ADJ fall arrest... Charc I know it's Saturday night but drinking is illegal for 16 year olds. It's also not good for you to get so wasted you think ADJ fall arrest is a good idea. Now go lay down and sleep it off. 

P.S. Forget ADJ... I'm going with all Chinese knock off gear from E-bay.


----------



## gafftaper (Sep 30, 2007)

Bean said:


> Its interesting that no one has managed, (as far as we know) to contact us yet.
> I'm Sean, as you may have seen from the site.
> And even though this statement is true for most of our school audience, how would you like it said, as to not to "still scares me."?



Trying to be nice here because this is your first post, but I'm really confused. First, who are you? The "All Things Theater" website says that they are a two person company and that the names of those people are Robyn and David. You said your name is Sean, "as you may have seen from the site". I don't find the name Sean anywhere on that site. 

Secondly, Why is it interesting that no one has contacted you? Most of us live on the other side of the world so hiring you would be insane. Also most of the people around here know how to make minor repairs and bench focus an instrument and so we wouldn't need your company in the first place. True there are a few Aussies here but only one has responded to this thread. I also know you've got a pretty large continent down there, so it's extremely unlikely that you'll find a potential customer close enough to use your services here. 

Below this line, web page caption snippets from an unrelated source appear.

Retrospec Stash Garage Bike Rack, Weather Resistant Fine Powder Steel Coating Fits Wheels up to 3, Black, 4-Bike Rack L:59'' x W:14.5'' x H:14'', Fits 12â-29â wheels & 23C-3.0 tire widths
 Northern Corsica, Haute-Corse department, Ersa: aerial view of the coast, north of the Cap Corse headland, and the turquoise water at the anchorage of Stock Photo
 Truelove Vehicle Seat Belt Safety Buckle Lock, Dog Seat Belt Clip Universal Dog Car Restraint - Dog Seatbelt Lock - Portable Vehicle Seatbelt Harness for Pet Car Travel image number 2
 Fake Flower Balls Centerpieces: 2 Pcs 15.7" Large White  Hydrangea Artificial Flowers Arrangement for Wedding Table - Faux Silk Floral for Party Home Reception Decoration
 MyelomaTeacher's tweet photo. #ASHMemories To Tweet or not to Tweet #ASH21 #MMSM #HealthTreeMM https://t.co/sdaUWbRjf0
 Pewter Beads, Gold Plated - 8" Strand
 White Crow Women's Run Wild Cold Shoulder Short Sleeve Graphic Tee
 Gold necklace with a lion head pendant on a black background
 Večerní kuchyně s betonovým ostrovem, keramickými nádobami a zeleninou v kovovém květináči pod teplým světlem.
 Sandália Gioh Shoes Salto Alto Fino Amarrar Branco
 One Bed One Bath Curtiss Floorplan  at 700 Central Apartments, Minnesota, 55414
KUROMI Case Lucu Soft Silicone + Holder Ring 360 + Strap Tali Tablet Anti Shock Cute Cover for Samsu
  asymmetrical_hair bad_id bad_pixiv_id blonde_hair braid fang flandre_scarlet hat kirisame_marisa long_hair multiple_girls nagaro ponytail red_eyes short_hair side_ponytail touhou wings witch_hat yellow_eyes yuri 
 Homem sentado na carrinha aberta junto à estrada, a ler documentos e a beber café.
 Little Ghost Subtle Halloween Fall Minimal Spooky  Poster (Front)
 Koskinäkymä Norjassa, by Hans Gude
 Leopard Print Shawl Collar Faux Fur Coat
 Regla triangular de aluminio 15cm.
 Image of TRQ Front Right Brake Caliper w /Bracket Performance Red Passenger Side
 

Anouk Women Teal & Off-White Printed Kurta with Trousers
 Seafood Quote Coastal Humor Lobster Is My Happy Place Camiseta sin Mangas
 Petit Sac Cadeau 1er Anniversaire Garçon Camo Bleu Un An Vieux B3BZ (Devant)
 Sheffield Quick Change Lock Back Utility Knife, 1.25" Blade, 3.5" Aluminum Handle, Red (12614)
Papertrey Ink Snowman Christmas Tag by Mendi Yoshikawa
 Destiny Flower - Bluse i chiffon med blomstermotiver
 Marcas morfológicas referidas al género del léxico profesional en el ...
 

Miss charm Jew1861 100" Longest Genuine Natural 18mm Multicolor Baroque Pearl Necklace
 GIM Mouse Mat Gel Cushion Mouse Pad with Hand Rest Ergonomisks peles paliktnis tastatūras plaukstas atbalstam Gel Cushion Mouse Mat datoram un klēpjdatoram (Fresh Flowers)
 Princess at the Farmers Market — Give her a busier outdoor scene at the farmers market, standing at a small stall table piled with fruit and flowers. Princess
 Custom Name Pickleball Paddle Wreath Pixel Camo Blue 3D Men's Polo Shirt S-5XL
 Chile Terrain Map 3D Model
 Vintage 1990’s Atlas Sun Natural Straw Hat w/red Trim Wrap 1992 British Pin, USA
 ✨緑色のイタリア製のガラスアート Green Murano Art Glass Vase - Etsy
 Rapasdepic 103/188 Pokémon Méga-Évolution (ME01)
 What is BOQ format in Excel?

Third, I think you are asking, why do some people have a such a problem with the idea that refurbishing is better than replacing and that there isn't much difference between old and new instruments. You've read the debate on that already. A solid case has been made that spending money on old lighting is an energy foolish choice, the color temperature and quality of light is NOT the same, and (a new point I want to throw out) one could argue that you are short changing students by training them on out of date equipment. The idea that quantity is more important than quality is the one I disagree with the most. A little bad light and a lot of bad light is still bad light. You must see why some people have a legitimate reason to disagree with you. 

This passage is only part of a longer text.